**** DATA EXTRACT ****

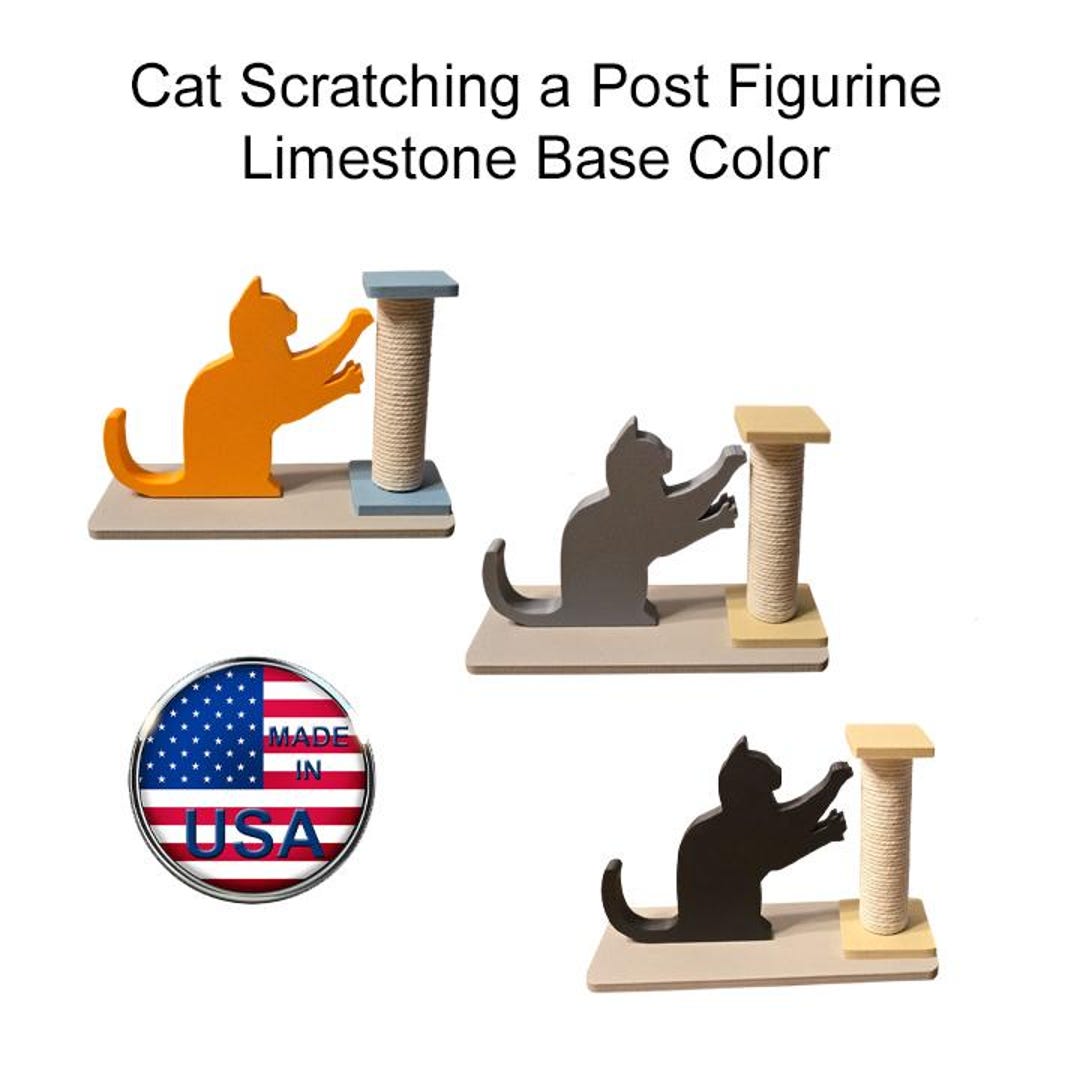 Large Cat Scratching Post Figurine - Limestone Color Base - Etsy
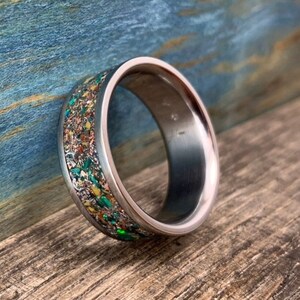 Meteorite Wedding Ring for Men - Personalize Dinosaur Bone Engagement Ring - Unique Engraved Malachite and Opal Inlay Ring - Husband Gift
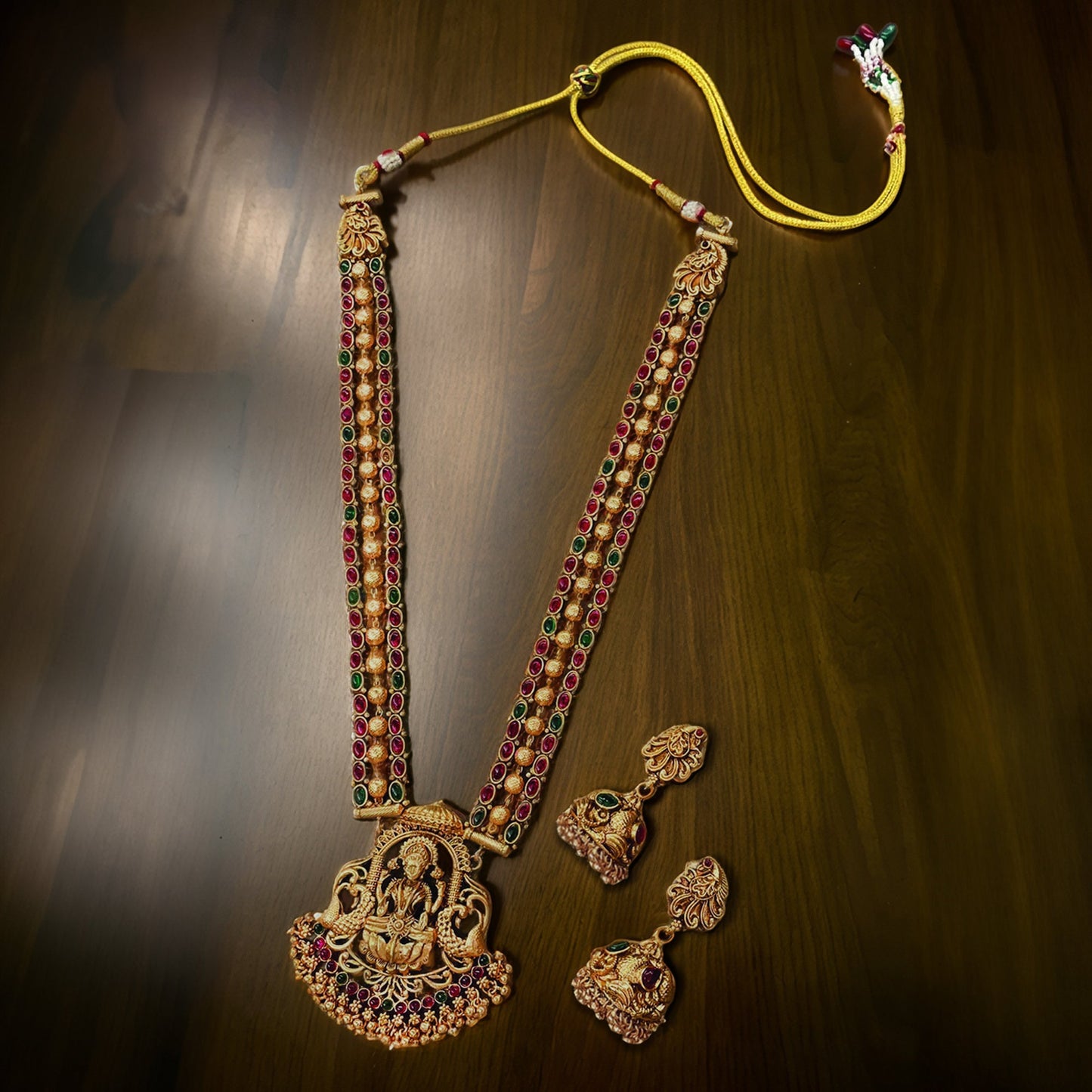 Anti-Tarnish Long Laxmi Temple Set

****

## EXERCISE PROMPT
Only an exact copy of the lines from the one with "Meteorite Wedding Ring" through the last line of the data above is wanted, and no pictures.

## ANSWER SPACE
 Meteorite Wedding Ring for Men - Personalize Dinosaur Bone Engagement Ring - Unique Engraved Malachite and Opal Inlay Ring - Husband Gift
 Anti-Tarnish Long Laxmi Temple Set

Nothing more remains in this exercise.